Resulta algo triste saber que una de las más admirables virtudes que puede tener una persona, esto es, el escuchar, saber escuchar, sea una rareza casi inencontrable, remota, excepcional. Quizá sea porque cada vez se valoran más aspectos de una persona que poco o nada tienen de valiosos, no hay más que ver qué tipos de mediocres alcanzan el éxito y quiénes son los que acaparan siempre la atención, cuando no la admiración. Se extrae esto de una deriva social que podría asemejarse a una selección natural grotescamente deformada, en la que los mejor adaptados, en nuestro caso los menos valiosos, son los que sobreviven. Si hay alguna duda basta con levantar la cabeza y advertir qué tipo de personas ostentan el poder, la fama, el éxito, el triunfo y la admiración por parte del vulgo más alineado.

La escasez de personas valiosas y admirables, quienes atienden, quienes escuchan, se deriva directamente de esto, ¿quién en su sano juicio elegiría ir a contracorriente y no comulgar con la hez que impone un mundo que parece diseñado para los peores de la especie? Afortunadamente hay condiciones inquebrantables que se convierten en un bastión para esas virtudes que de verdad son dignas de apreciar, y también hay pocas que sepan ver y valorar como se merecen a aquellos que atesoran cualidades dignas de todo elogio. ¿Cuántas personas conocemos que sepan escuchar? ¿Que atiendan con interés a lo contado o relatado e importándole ésto como si propio fuera? Porque las más veces sólo se oye pero no se escucha, se mira al que cuenta o habla como quien pone la tele y se embelesa, sin atender, a veces sólo por educación o por reparo, sin que exista interés alguno por quien cuenta ni por lo que cuenta. El fondo es la ausencia empatía por el otro o por lo que le ha pasado o por lo que le preocupa, fruto esto de ese egoísmo, ese repugnante individualismo y carencia de atención por lo ajeno tan propios de esta época.

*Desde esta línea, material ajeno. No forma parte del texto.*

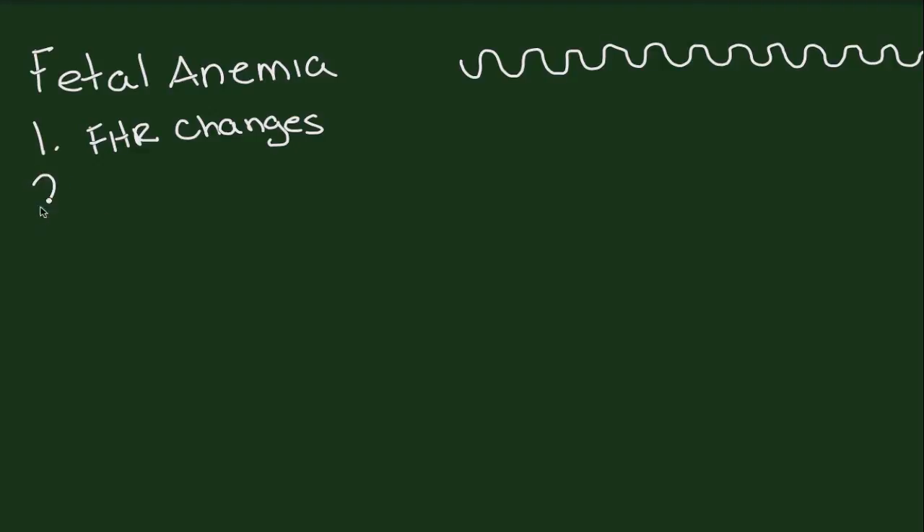Fortunately, it's very rare. The second modality we have for identifying fetal anemia is ultrasound. A hydropic baby develops characteristic changes that we call hydrops.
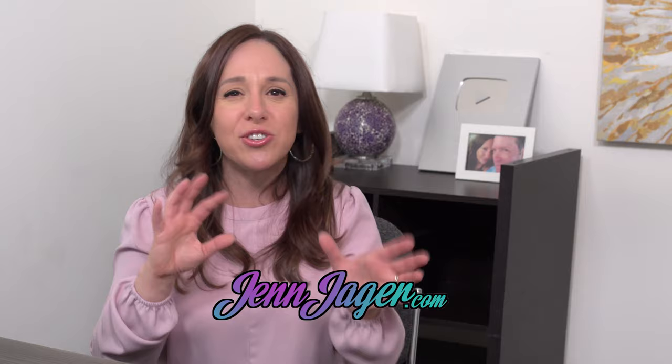You guys, thanks for all your support here on YouTube. I promise I'm going to get back to the YouTube grind. I'll see you soon.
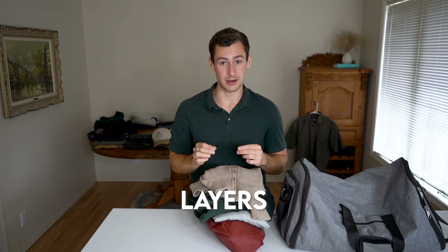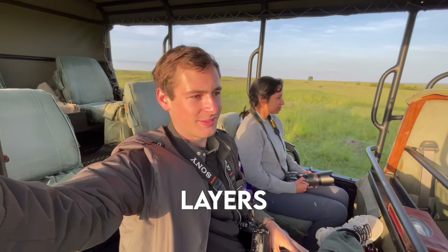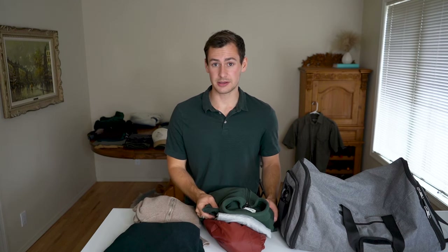Now it's time to go over layers. Layers are crucial when you're going on safari. There's a misconception that it's always going to be really hot in Africa — while it can get very hot, it can also get very cold. When you're doing wildlife experiences in places like the Serengeti, expect chilly mornings and hot afternoons. Early morning offers some of the best wildlife spotting opportunities, which is why on a safari schedule you wake up really early. When you first wake up you're going to be cold, and as the day goes on you'll be shedding layers.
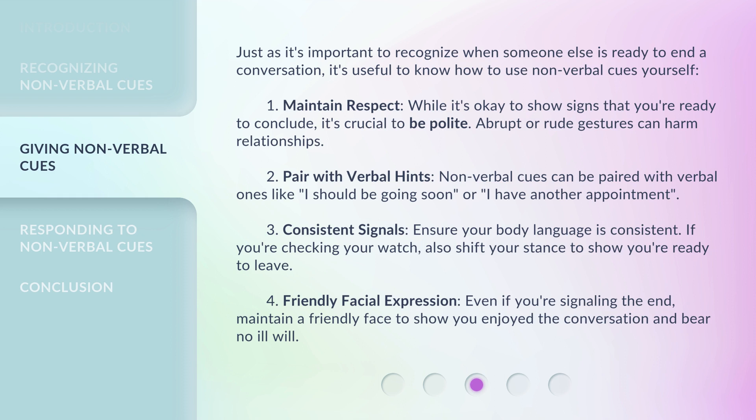4. Friendly facial expression — even if you're signaling the end, maintain a friendly face to show you enjoyed the conversation and bear no ill will.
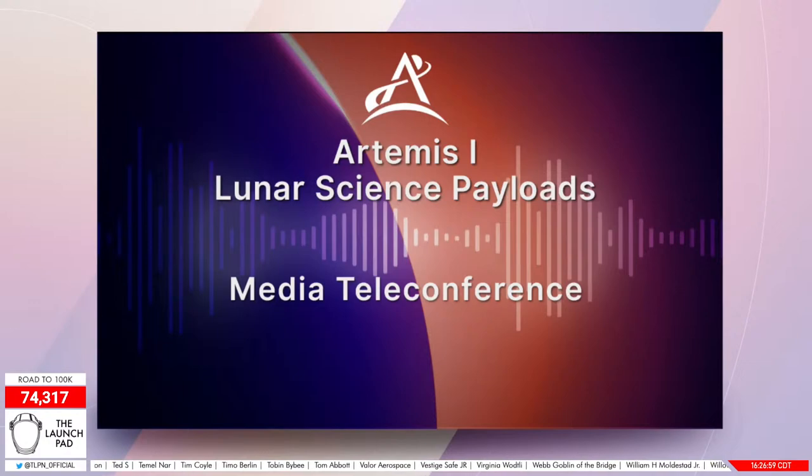We'll now begin the question and answer portion. As a reminder, enter star one on your phone to be in the question queue. Your phones are on mute and the operator will open your mic when you're ready. Please stick to one question each, and given the number of speakers on today's call, please identify to whom your question is directed.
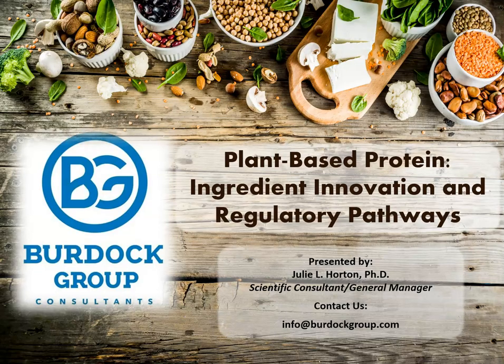Hello, and welcome to today's webinar. I would like to introduce to you our speaker, Dr. Julie Horton. Before joining the Burdock Group, Dr. Horton had over seven years of experience in preclinical metabolic research and genetic engineering. Her credentials include two bachelor's degrees, one in microbiology and molecular biology and another in biotechnology.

Escuchar se convierte en una muestra de interés, de respeto, de complicidad, porque quien cuenta espera justo eso, compartir, hacer partícipe al otro de su relato, que puede ser de angustia o de felicidad, y tener un cómplice, un apoyo, alguien que mire a los ojos y demuestre que le importa lo que escucha; y quizá muestre, al menos, atención y dedique palabras de aliento o ánimo o sencillamente de complicidad. Demasiadas veces se opta por el silencio por no relatar ni contar nada porque no se encuentra un oído que escuche más allá de hacerlo por cortesía, si es que esto se da. Pero en una sociedad tan individualista, egoísta y malsana, es casi un milagro dar con quien preste su atención aunque sea un momento, un instante, y consuele o apoye o elogie; o, y esto es lo más complicado, tienda la mano. Esto sería lo lógico pero no es así. El ser humano carece, en su mayoría y por propia naturaleza, de esa cualidad tan admirable. Todo orbita en torno al yo, a mis circunstancias y mi realidad; nada existe más allá de un egoísmo que parece esculpido en esa terrible condición. Aunque eso, a estas alturas, nada extraña, nada sorprende.